My thoughts are abruptly stopped as my daughter’s curiosity cuts in, “Where are we going , Mama?”
“Well, my love,” I welcome the girl into my lap, quelling her unknown curiosities and hidden fears. “We are going to see clouds of all shapes and sizes. We are going to become like birds.”
I don’t know where we are actually going.
The mysterious letter that appeared on my doorstep a month ago - an elegant pearl envelope with a delicate wax seal of a bluebird. The inside revealing a single line of messy - somewhat familiar- scrawl:
Come fly!
800 Maple Way
I couldn’t quite pick out the reason for recognizing the handwriting. And in my grief, I followed the cryptic instructions written on the crumpled coffee-stained paper despite the fact that no one had every flown before.
So that early that spring morning with the winter air nipping our shoulders and the buildings creating a looming darkness, we head out to the eeirley quiet streets of London. I load my daughter and the bags into a the nearest carriage and politely smile as I instruct to head to the address. We were quite the pair as we ordered the carriage - her stuffed bear Mosley dangling from her hands and me lugging a suitcase. Yet, I grab Vivi’s hand to help her in the seats and we were on our way.

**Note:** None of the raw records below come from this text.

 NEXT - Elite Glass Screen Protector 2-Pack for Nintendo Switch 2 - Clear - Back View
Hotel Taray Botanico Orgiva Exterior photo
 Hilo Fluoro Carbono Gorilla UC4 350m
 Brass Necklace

Hours give way to warming light that fades away the cool air. Looming buildings give way to smaller homes, to little townships, and eventually nothing but herds of sheep and endless fields is left.

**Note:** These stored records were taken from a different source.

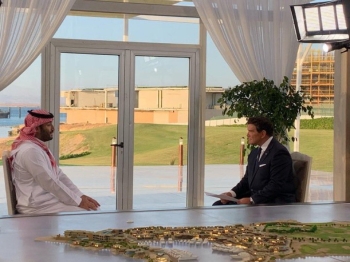 ولي العهد لقناة "فوكس نيوز": السعودية أعظم قصة نجاح في القرن الـ21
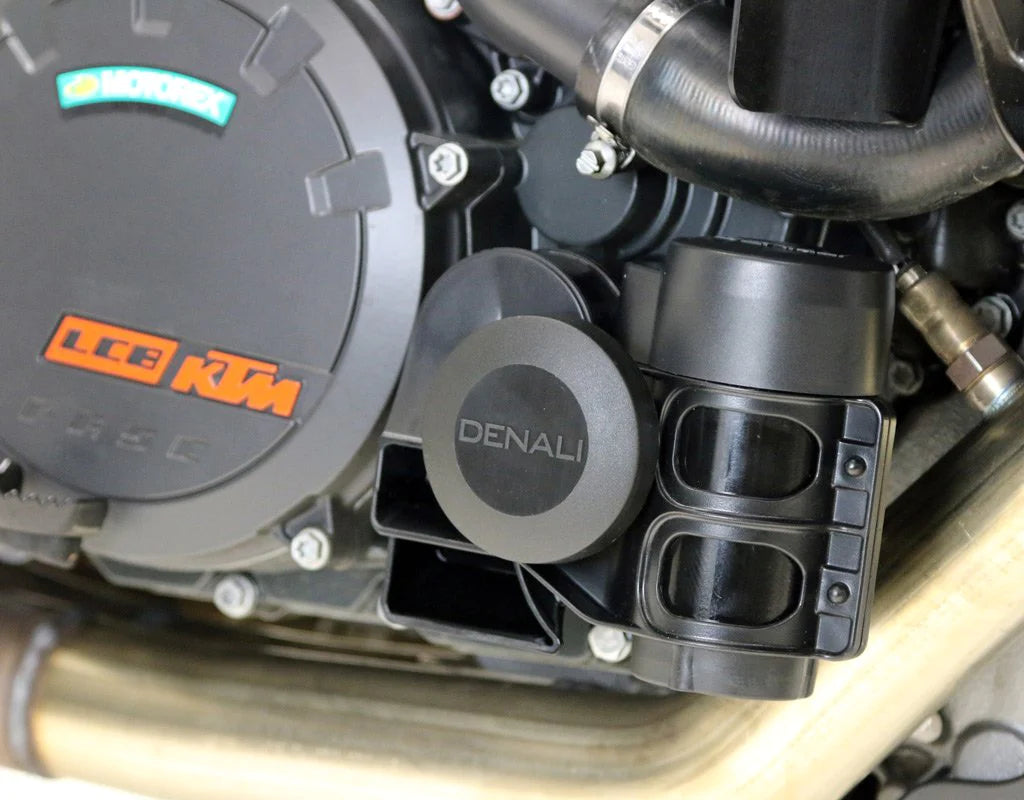 Soporte de Bocina - KTM 1050, 1090, 1190 y 1290 Adventure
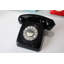 Rotary Dial Corded Telephone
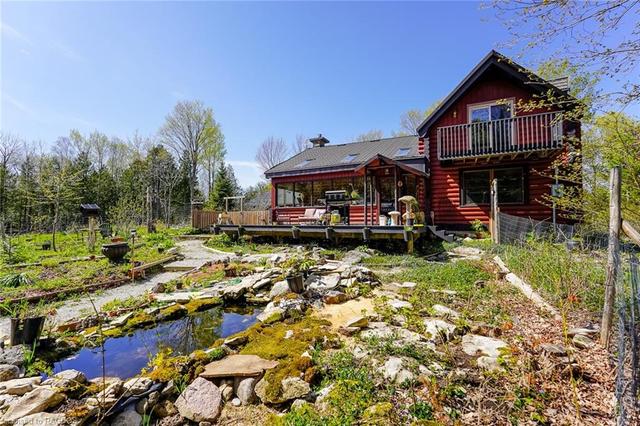 1483 Highway 6, House detached with 3 bedrooms, 2 bathrooms and 12 parking in South Bruce Peninsula ON | Image 41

The carriage screeches to a halt, “Your stop, Ma’am.” The driver grumbles. I step off the carriage and let my daughter sling herself into my arms dragging out luggage behind us. I eye the red mailbox’s inscription 800 Maple Way. We are at the right place.
“Let’s go on adventure, love!” I whisper excitedly in Viviana’s ear. The sound or the birds gets louder as my daughter excitedly drags me down a converging dirt driveway leading into a cluster of oak trees. Just in front of the trees the buzzing is unbearable, leaving us fighting to cover our ears.
The trees arch into an empty field. Then it appears. My daughter is un - characteristically still, her head turned up to the clear celestial sky.
A strange vehicle - cloth covering wood beams spread out lengthwise and the buzzing emulating from a barely visible shape on the front. Hovering in the air, making circles and loops in a strange dance flying like a bird. Puffy white clouds do nothing to hold this flight back; they simply allow the bird to disappear and reappear. This strange bird was utterly free of the weight that pulls me down: my grief for my lost husband, the fear that holds me from writing, the social routines of London life.
I scoop Viviana up and we begin running towards the strange bird. Her braids bounce as the grasses scratch my legs; the suitcase lays abbandoned at the tree line. Yet I cease to care. We will fly today.